ASSIGNMENT: Working through the data below, reproduce word for word the line with "Bio Buchweizengruetze" and every line after it, both ends included, and omit the pictures.

DATA EXTRACT:
==============================
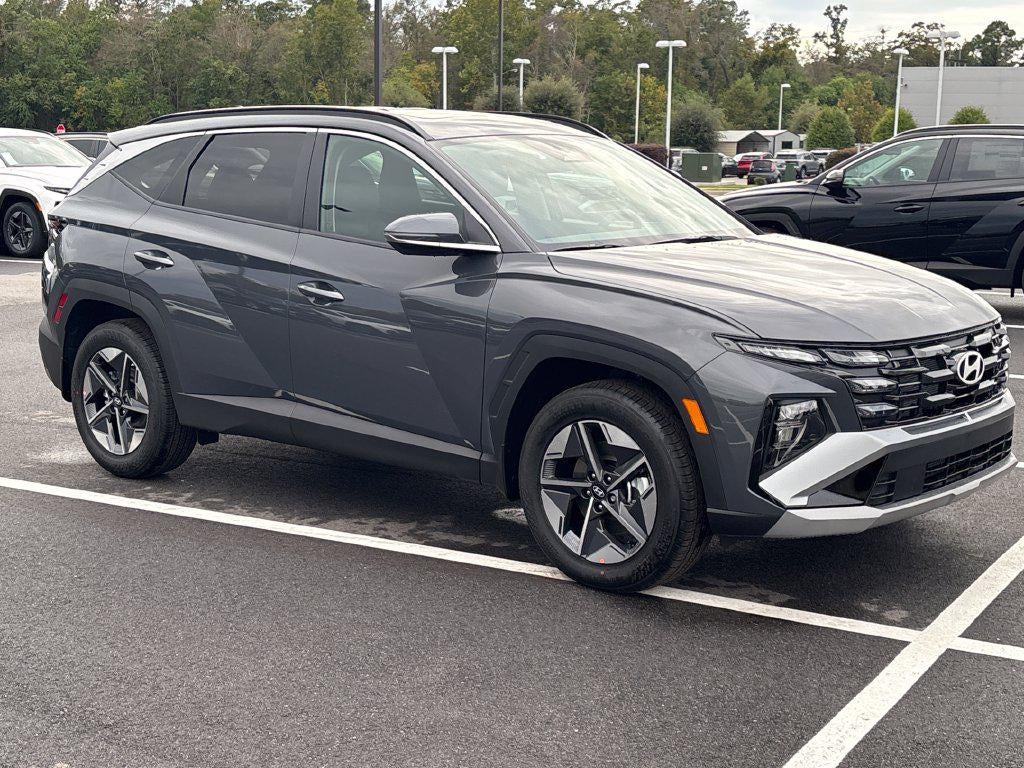 2026 Hyundai TUCSON SEL Premium FWD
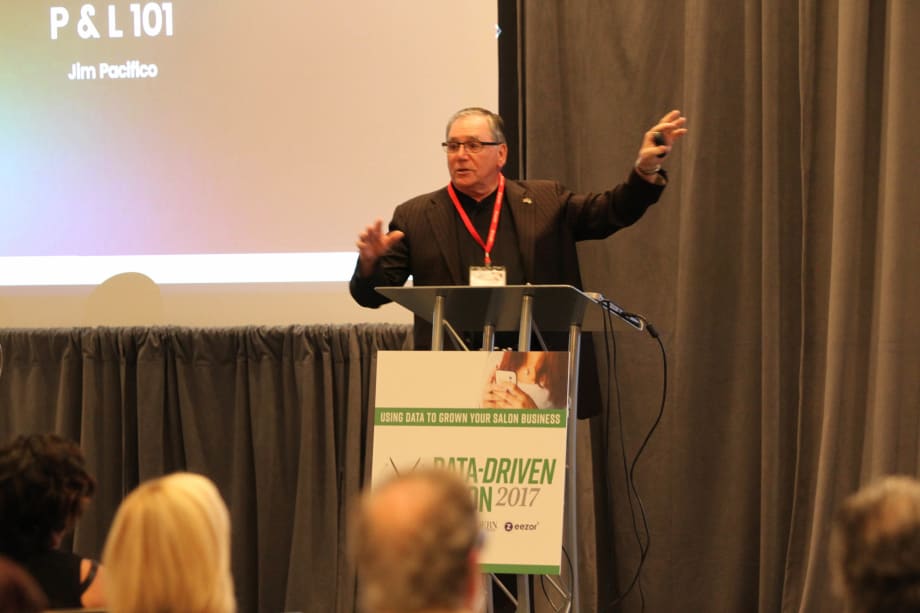 Data Stories from the First Data-Driven Salon Summit
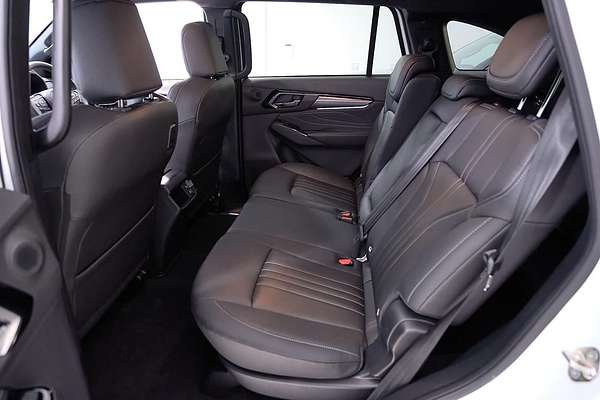 2025 Isuzu MU-X LS-T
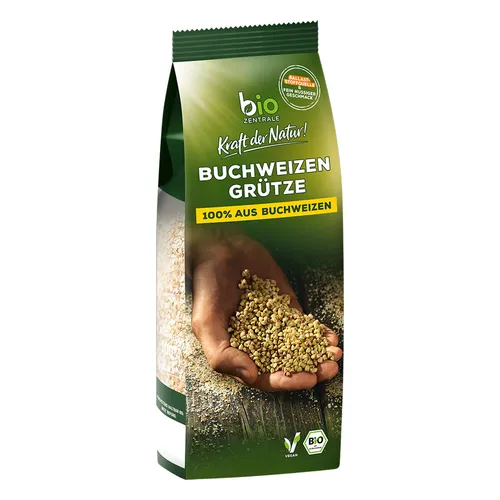 Bio Buchweizengruetze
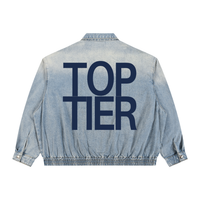 Top Tier Denim Jacket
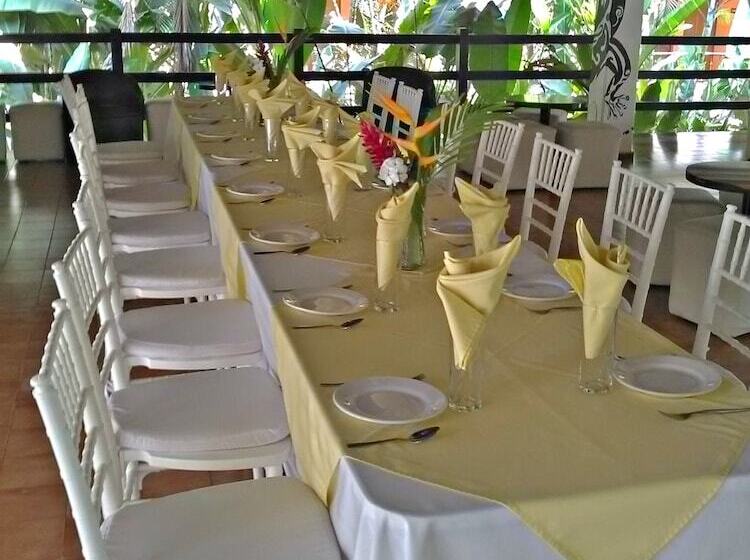 בית מלון כפרי Plaza Palenque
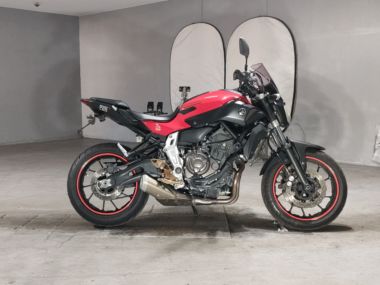 Yamaha Mt-07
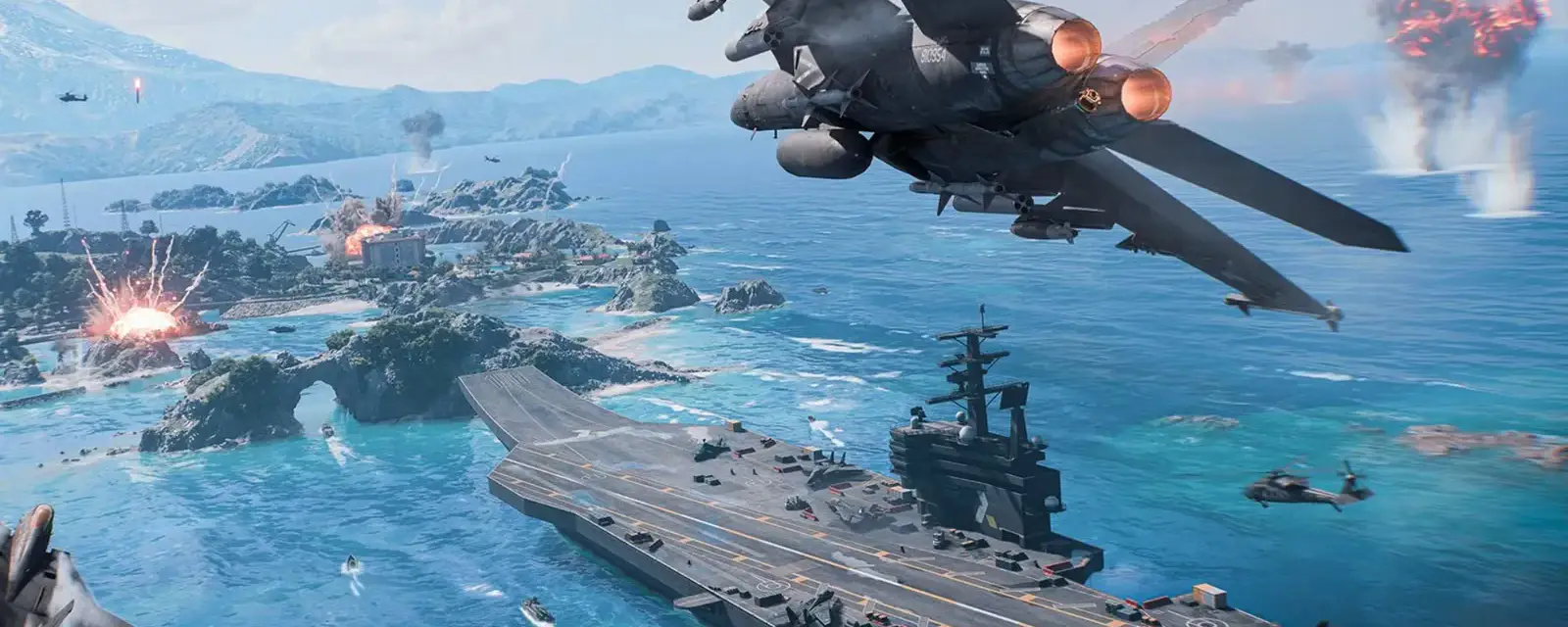 Battlefield 6 : la Saison 4 ouvre enfin le front naval, mais le meilleur est gardé pour le mois prochain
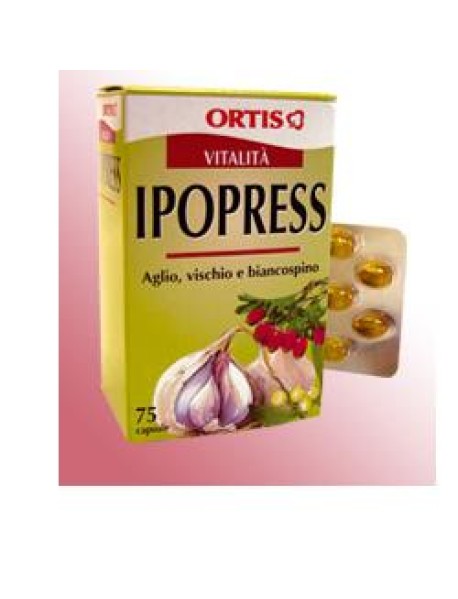 IPOPRESS 75 PRL ORTIS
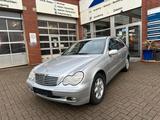 Mercedes-Benz C 200 KOMPRESSOR ELEGANCE - gebrauchte Mercedes-Benz C 200 aus dem Jahr 2002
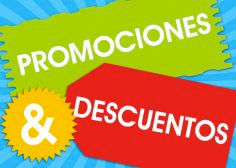 Folletos promocionales
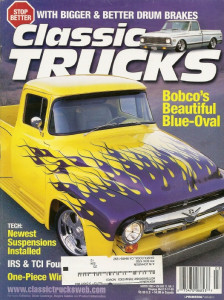 CLASSIC TRUCKS 2003 MAR -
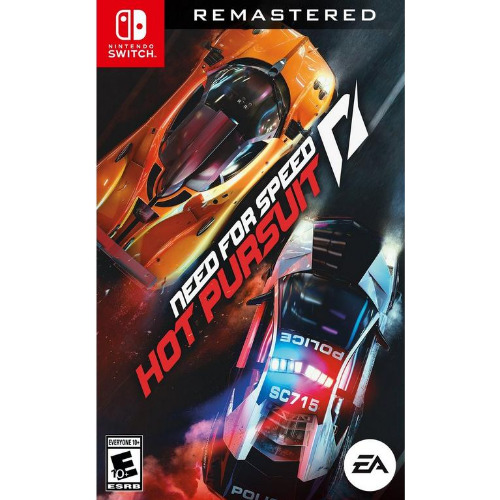 Need for Speed Hot Pursuit Remastered - Joc Nintendo Switch
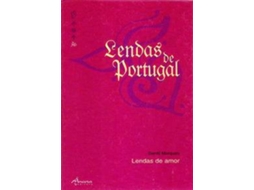 Livro Lendas De Amor 3º Ed. de Gentil Marques (Português)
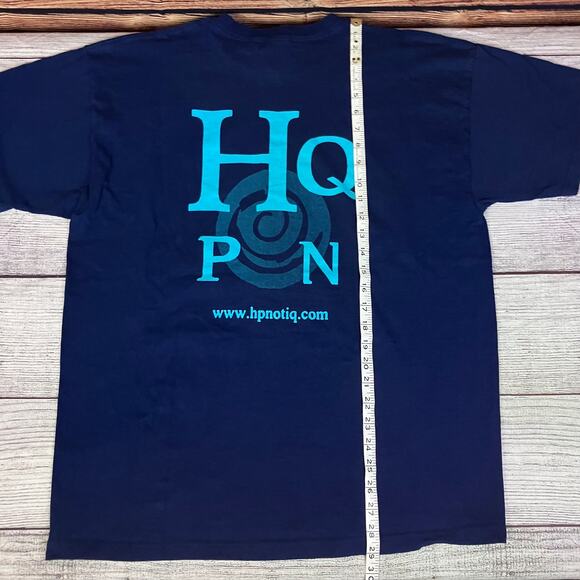 Vintage Hpnotiq Alcohol Promo T-shirt - Picture 7 of 8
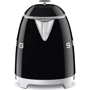 Електрочайник SMEG KLF05BLEU: Покриття нагрівального елементу (матеріал) нержавіюча сталь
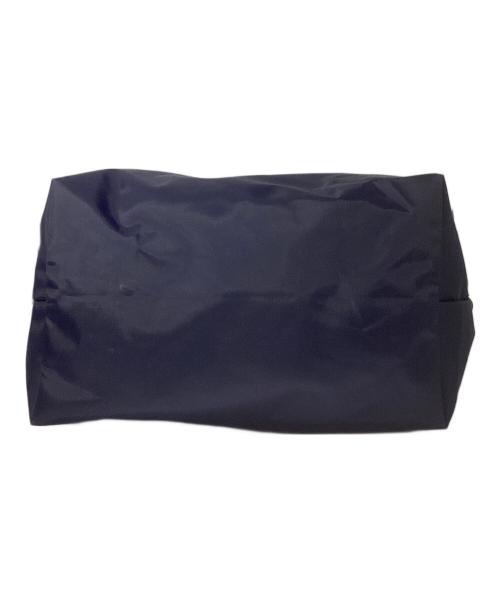 LONGCHAMP（ロンシャン）LONGCHAMP (ロンシャン) トートバッグ ネイビーの古着・服飾アイテム
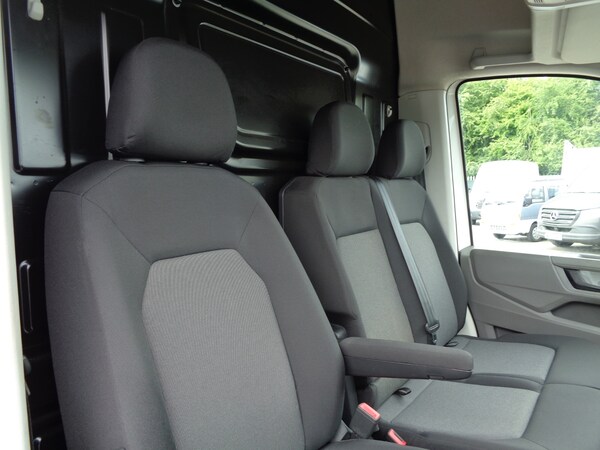 Used Volkswagen Crafter 2020 for sale - 74435239: Photo 21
==============================
RESPONSE AREA:
 Bio Buchweizengruetze
 Top Tier Denim Jacket
 בית מלון כפרי Plaza Palenque
 Yamaha Mt-07
 Battlefield 6 : la Saison 4 ouvre enfin le front naval, mais le meilleur est gardé pour le mois prochain
 IPOPRESS 75 PRL ORTIS
 Mercedes-Benz C 200 KOMPRESSOR ELEGANCE - gebrauchte Mercedes-Benz C 200 aus dem Jahr 2002
 Folletos promocionales
 CLASSIC TRUCKS 2003 MAR -
 Need for Speed Hot Pursuit Remastered - Joc Nintendo Switch
 Livro Lendas De Amor 3º Ed. de Gentil Marques (Português)
 Vintage Hpnotiq Alcohol Promo T-shirt - Picture 7 of 8
 Електрочайник SMEG KLF05BLEU: Покриття нагрівального елементу (матеріал) нержавіюча сталь
 LONGCHAMP（ロンシャン）LONGCHAMP (ロンシャン) トートバッグ ネイビーの古着・服飾アイテム
 Used Volkswagen Crafter 2020 for sale - 74435239: Photo 21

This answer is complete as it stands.